Will that be Kluber tonight? Obviously no one knows yet. But if you’re asking me to handicap tonight’s matchup, I have no choice but to read heavily into the lineup’s Game 6 adjustment. And let there be no doubt – it’s substantial enough to get to Kluber very early tonight.
Lester To Bullpen*
How about Jonny boy putting himself in the bullpen for Game 7? I love it, which leads me to the next question: How many guys with $180,000,000 worth of career contracts are wired like Jon Lester? This guy wants a ring so bad it’s almost impossible to think that a city like Cleveland is capable of denying him. He’s a cancer surviver, a 2-time World Series champion, 4-time all star, a multiple Cy Young Award finalist and the current owner of a 2.62 postseason career ERA over 21 postseason appearances spanning 130 postseason innings across 7 separate postseasons. That’s a lot of postseason, and a lot to be proud of.
But Lester’s not going out to bullpen tonight for pride. He’s going out to the bullpen because he knows he can keep Cleveland off the board when it matter’s most. He knows it will take more than Hendricks to bridge the gap to Chapman. He knows Chapman has extended himself this postseason well past the point Chapman ever exepcted. He knows Andrew Miller is waiting for the Indians the second they take a lead. And he knows that coming out of the bullpen in Game 7 of the World Series on 2 days rest gives the Cubs’ the best chance of winning, and WE KNOW that’s all this motherfucker cares about.

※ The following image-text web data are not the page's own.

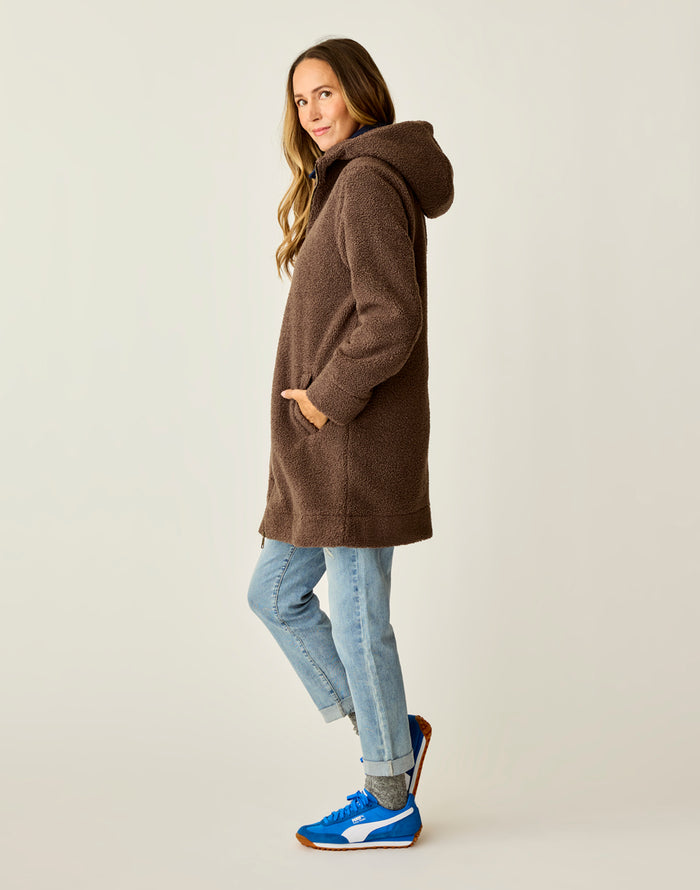 Indy Boucle Jacket: Espresso
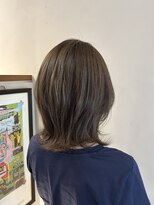 ノエル(NOEL) 明るめマットグレージュカラー×くびれレイヤー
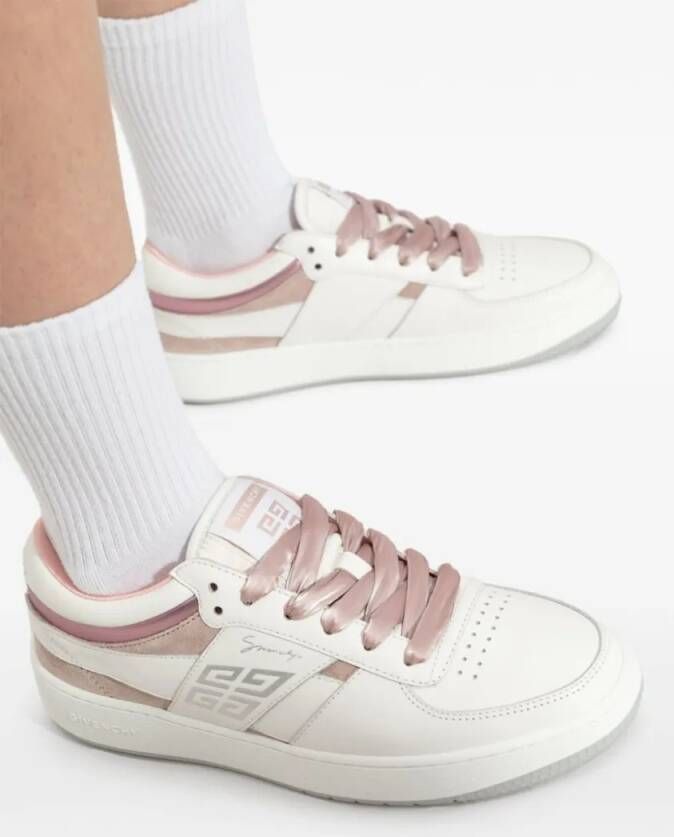 Givenchy Low-Top Sneakers White Sneakers With Logo Print in wit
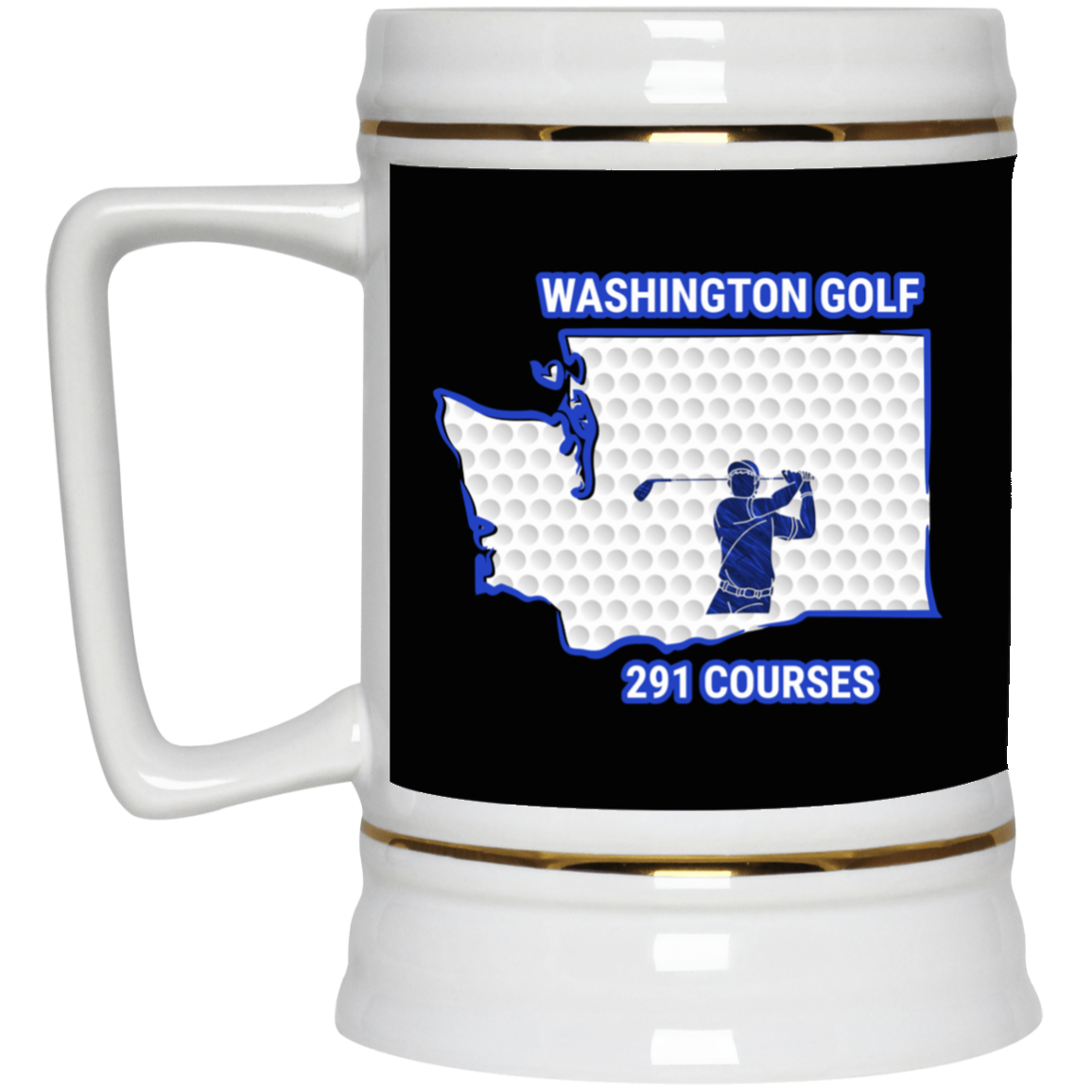 Washington Beer Stein - Manns Golf Cave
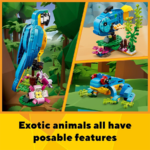 ⁦LEGO Creator 3 in 1 Exotic Parrot Building Toy Set ليجو كرييتور مجموعة بناء ببغاء غريب⁩ - الصورة ⁦2⁩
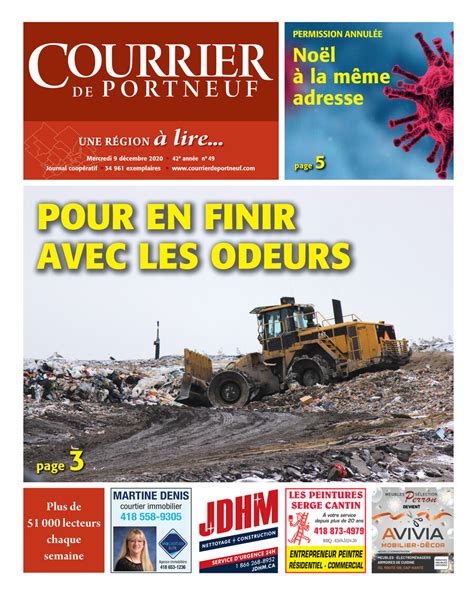 Courrier de Portneuf du 9 décembre 2020 by Courrier de Portneuf Flipsnack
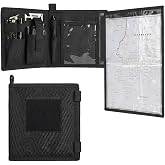KOSIBATE Map Case, Military Map Protector, Water-Resistant Map Pouch Holder for Outdoors or Hiking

Finally, I hope Lester is out in the bullpen for the entire game. I don’t want him pulling the Mark-Buerhle-had-to-put-on-his-spikes-in-the-9th-inning bullshit from 2005. Instead, I hope he’s sitting there with CJ and Grimm and Wood and all the others keeping things calm and cool from pitch #1. In return, I hope the younger guys absorb every imaginable ounce of his demeanor and experience, and I hope they pick his brain inside and out on the Indians lineup. I imagine Lester gets to make the call on when he heads out to the bullpen. But I cannot imagine there’s a better starting pitcher in MLB suited for the job.
Intangibles
Theres’ no way I’m skipping a game 7 preview without closing on this. The Cubs have the momentum. The Cubs are in the driver seat. The Cubs are starting the front runner for the 2016 NL Cy Young, and sending the #2 choice to the bullpen to back him up. The Cubs are coming off their biggest win EVER. And the Cubs are favorites to win. On the road. Game 7. Against our opponents’ best pitcher. If you asked anyone at the start of the year, “Would you take the Cubs right now -120 favorites in a World Series Game 7 on the road against the Indians?” The answer would have been a resounding FUCK YES BRING ME THE TRIBE. So remember: this is where we want to be, this is where we deserve to be, and this is where we will be for a very, very long time.
The Dynasty begins tonight.
*Lester to bullpen footnote: Lester pitched Sunday, which means he’s on 2 days rest. Starting pitchers typically throw a practice bullpen the 3rd day after a start. It’s not a max effort bullpen. It’s more like a 40 pitches at about 60-70% effort of your normal stuff. You work on your delivery, location and whatever else you want to polish up before your next start. You prepare for this bullpen almost exactly how you’d prepare for a start. So even though Lester only has 2 days rest, he’s not going THAT far out of his way to be ready for Game 7.